Give me leave to say, sir, that the tone on the subject of the conquest of Canada seems to be not a little changed. Before the war, that conquest was represented to be quite an easy affair. The valiant spirits who meditated it were only fearful lest it should be too easy to be glorious. They had no apprehension, except that resistance would not be so powerful as to render the victory splendid. These confident expectations were, however, accompanied with a commendable spirit of moderation, the true mark of great minds, and it was gravely said, that we ought not to make too large a grasp for dominion, but to stop in our march of conquest northward, somewhere about the line of perpetual congelation, and to leave to our enemies or others, the residue of the continent to the pole. How happens, sir, that this country, so easy of acquisition, and over which, according to the prophecies, we were to have been by this time legislating, dividing it into States and Territories, is not yet ours? Nay, sir, how happens it, that we are not even free of invasion ourselves; that gentlemen here call on us, by all the motives of patriotism, to assist in the defence of our own soil, and portray before us the state of the frontier, by frequent and animated allusion to all those topics, which the modes of Indian warfare usually suggest?

This, sir, is not what we were promised. This is not the entertainment to which we were invited. This is no fulfilment of those predictions, which it was deemed obstinacy itself not to believe. This is not that harvest of greatness and glory, the seeds of which were supposed to be sown, with the declaration of war.

When we ask, sir, for the causes of these disappointments, we are told that they are owing to the opposition which the war encounters, in this House, and among the people. All the evils which afflict the country are imputed to opposition. This is the fashionable doctrine, both here and elsewhere. It is said to be owing to opposition that the war became necessary; and owing to opposition also that it has been prosecuted with no better success.

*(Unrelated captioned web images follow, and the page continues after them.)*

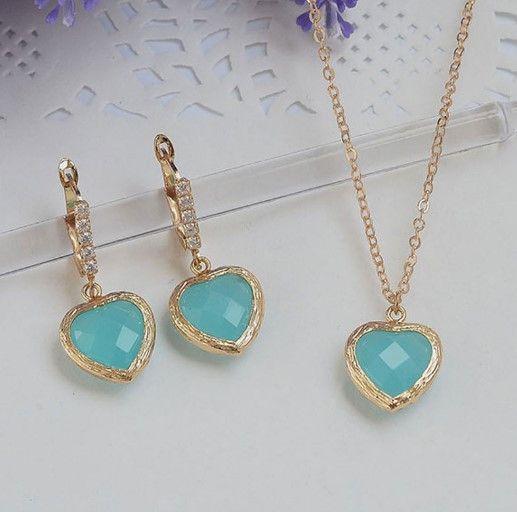 طقم زركون قلب ناعم اطقم متوفر 7 لون تيفاني ذهبي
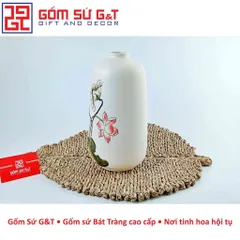Lọ Hoa Gốm Sứ Dáng Phích Miệng Nhỏ Vẽ Sen - Trang Trí Nội Thất Đẹp Mắt và Sang Trọng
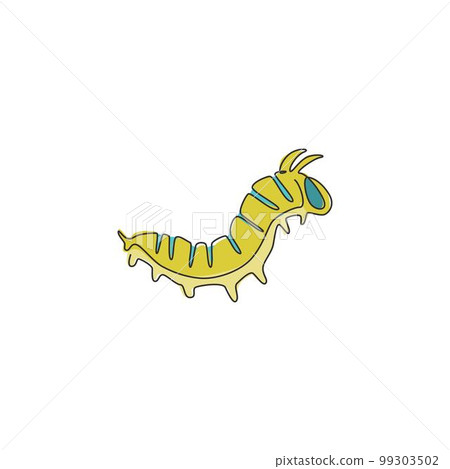 Single one line drawing of beauty caterpillar for company logo identity. Eating machines insect mascot concept for pest control service icon. Modern continuous line draw design vector illustration Single one line drawing of beauty caterpillar for company logo identity. Eating machines insect mascot concept for pest control service icon. Modern continuous line draw design vector illustration 99303502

This, sir, is no new strain. It has been sung a thousand times. It is the constant tune of every weak or wicked administration. What minister ever yet acknowledged, that the evils which fell on his country were the necessary consequences of his own incapacity, his own folly, or his own corruption? What possessor of political power ever yet failed to charge the mischiefs resulting from his own measures, upon those who had uniformly opposed those measures? The people of the United States may well remember the administration of Lord North. He lost America to his country. Yet he could find pretences for throwing the odium upon his opponents. He could throw it upon those who had forewarned him of consequences from the first, and who had opposed him, at every stage of his disastrous policy, with all the force of truth and reason, and talent. It was not his own weakness, his own ambition, his own love of arbitrary power, which disaffected the colonies. It was not the Tea Act, the Stamp Act, or the Boston Port Bill, that severed the empire of Britain. Oh no! It was owing to no fault of administration. It was the work of opposition. It was the impertinent boldness of Chatham; the idle declaration of Fox; and the unseasonable sarcasm of Barre! These men, and men like them, would not join the Minister in his American war. They would not give the name and character of wisdom to that which they believed to be the extreme of folly. They would not pronounce those measures just and honorable which their principles led them to detest. They declared the Minister's war to be wanton. They foresaw its end, and pointed it out plainly both to the Minister and to the country. He pronounced the opposition to be selfish and factious. He persisted in his course; and the result is in history.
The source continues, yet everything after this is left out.